I think many people, when they hear the word "criticism," immediately leap to the conclusion that they are going to be judged and found wanting. No matter how positive the potential outcome might be, it's a knee jerk reaction. All criticism is negative. People hate to be judged. Consciously or unconsciously, many do not even realize that there's a whole realm of analysis that may not include any judgement at all.

The Penguin Dictionary... doesn't have an entry for literary criticism. But this is what you find for just the word criticism:
The art or science of literary criticism is devoted to the comparison and analysis, to the interpretation and evaluation of works of literature.
The rest of the entry (two pages) is a brief history of LitCrit, going back to the ancient Greeks. Great.

Seeking simplicity, I ran into my first conflict. Per The Complete Idiot's Guide to Critical Reading, "[l]iterary criticism is the ability to judge the quality and/or meaning of a piece of writing" (page 4). Well, crap. This definition wrecks my non-judgemental thesis. Although, reading on, the authors' focus is definitely on analysis. They might have been better served by saying "an informed judgement," meaning having enough knowledge to know all the aspects of the literature you are evaluating.

We could go back to Merriam-Webster and delve into more definitions. But perhaps freaky people and nerds are doomed to hate the word JUDGEMENT forever and ever. Or, at least, until we're all done with therapy.

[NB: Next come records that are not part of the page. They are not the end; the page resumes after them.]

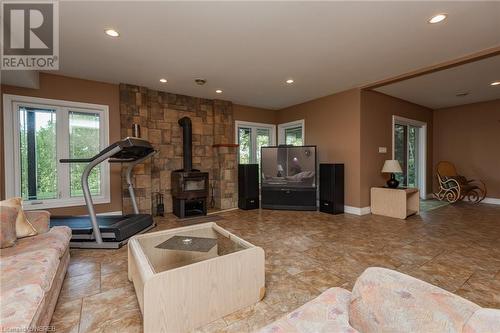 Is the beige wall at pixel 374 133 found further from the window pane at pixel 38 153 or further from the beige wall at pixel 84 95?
the window pane at pixel 38 153

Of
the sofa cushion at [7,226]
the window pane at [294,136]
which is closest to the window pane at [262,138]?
the window pane at [294,136]

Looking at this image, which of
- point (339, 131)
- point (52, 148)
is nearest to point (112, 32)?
point (52, 148)

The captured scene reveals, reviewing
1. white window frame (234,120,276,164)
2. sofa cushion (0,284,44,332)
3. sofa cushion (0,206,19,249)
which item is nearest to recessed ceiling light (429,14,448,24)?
sofa cushion (0,284,44,332)

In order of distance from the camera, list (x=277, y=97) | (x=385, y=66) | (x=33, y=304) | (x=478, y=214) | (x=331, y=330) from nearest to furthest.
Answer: (x=331, y=330) → (x=33, y=304) → (x=385, y=66) → (x=478, y=214) → (x=277, y=97)

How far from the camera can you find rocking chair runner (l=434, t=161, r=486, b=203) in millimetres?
5309

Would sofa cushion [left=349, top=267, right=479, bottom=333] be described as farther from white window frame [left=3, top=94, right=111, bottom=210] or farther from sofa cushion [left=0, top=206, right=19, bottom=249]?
white window frame [left=3, top=94, right=111, bottom=210]

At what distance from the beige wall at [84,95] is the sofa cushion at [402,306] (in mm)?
4383

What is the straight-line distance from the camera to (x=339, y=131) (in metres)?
4.76

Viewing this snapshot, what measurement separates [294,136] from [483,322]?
18.2ft

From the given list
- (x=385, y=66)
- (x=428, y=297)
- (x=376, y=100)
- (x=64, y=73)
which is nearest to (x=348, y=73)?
(x=385, y=66)

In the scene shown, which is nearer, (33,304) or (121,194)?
(33,304)

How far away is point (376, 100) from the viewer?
4.64 m

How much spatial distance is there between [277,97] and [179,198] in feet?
9.89

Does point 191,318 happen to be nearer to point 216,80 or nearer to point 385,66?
point 216,80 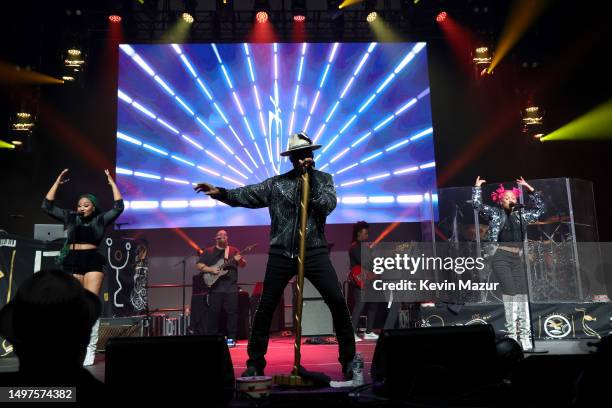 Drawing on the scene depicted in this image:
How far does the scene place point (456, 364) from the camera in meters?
2.48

Moving on, another term I keep running into is genre. This one was a bit of a surprise. Per The Penguin Dictionary it's a "French term for a kind, a literary type or class." That's not the surprising bit. What is surprising is that form and content were inseparable for most of the history of western literature. And that is what I perceive to be the source of conflict over defining genre.

Originally there were only five genres: epic, tragedy, lyric, comedy, and satire. To that list, the Penguin people added novel and short story.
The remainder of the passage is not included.